U.S. West Texas Intermediate (WTI) crude futures were at $53.28 per barrel at 0111 GMT, 3 cents below their last settlement.
International - Brent - Crude - Oil - Futures
International Brent crude oil futures were 1 cent above their last close, at $61.33 per barrel.
This followed a 2-percent price jump the previous session, when markets first digested the U.S. sanctions on Venezuela’s oil exports.
Washington - Monday - Sanctions - Venezuela - Oil
Washington on Monday announced export sanctions against Venezuela’s state-owned oil firm PDVSA, limiting transactions between U.S. companies that do business with Venezuela through purchases of crude oil and sales of refined products.

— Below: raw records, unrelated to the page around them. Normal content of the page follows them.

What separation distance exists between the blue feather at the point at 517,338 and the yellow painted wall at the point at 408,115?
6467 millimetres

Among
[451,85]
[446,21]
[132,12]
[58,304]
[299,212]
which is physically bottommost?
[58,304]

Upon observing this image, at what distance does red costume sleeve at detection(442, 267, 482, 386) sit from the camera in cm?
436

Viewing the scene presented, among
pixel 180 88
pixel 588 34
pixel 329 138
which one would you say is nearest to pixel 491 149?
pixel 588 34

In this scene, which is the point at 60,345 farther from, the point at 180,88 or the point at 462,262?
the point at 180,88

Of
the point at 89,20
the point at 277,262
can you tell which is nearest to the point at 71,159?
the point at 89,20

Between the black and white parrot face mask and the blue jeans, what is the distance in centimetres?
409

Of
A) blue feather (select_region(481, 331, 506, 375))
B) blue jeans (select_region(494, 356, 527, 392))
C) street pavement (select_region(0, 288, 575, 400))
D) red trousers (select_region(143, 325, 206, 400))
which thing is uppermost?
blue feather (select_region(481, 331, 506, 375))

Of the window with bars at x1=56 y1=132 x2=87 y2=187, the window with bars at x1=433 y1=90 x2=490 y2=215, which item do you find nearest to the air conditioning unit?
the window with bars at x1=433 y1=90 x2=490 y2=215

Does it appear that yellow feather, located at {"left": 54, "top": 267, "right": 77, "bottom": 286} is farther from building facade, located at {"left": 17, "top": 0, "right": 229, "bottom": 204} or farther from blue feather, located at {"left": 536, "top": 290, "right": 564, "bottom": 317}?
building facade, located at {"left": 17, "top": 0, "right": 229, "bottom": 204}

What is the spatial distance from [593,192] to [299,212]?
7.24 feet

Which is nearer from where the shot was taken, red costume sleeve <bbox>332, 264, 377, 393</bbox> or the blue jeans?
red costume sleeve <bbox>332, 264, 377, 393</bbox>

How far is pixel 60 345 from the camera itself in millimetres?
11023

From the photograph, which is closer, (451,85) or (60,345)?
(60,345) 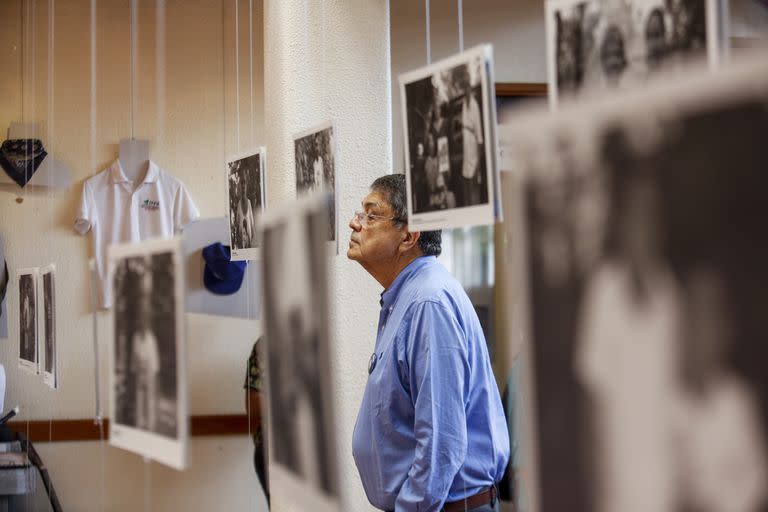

The sanctions, aim to freeze sale proceeds from PDVSA’s exports of roughly 500,000 barrels per day (bpd) of crude oil to the United States. They are the toughest U.S. financial challenge yet to Venezuela’s embattled socialist president, Nicolas Maduro.
Step - Oil - Prices - Monday - Markets
The step pushed up oil prices on Monday, but markets appeared more relaxed on Tuesday as the sanctions only impact...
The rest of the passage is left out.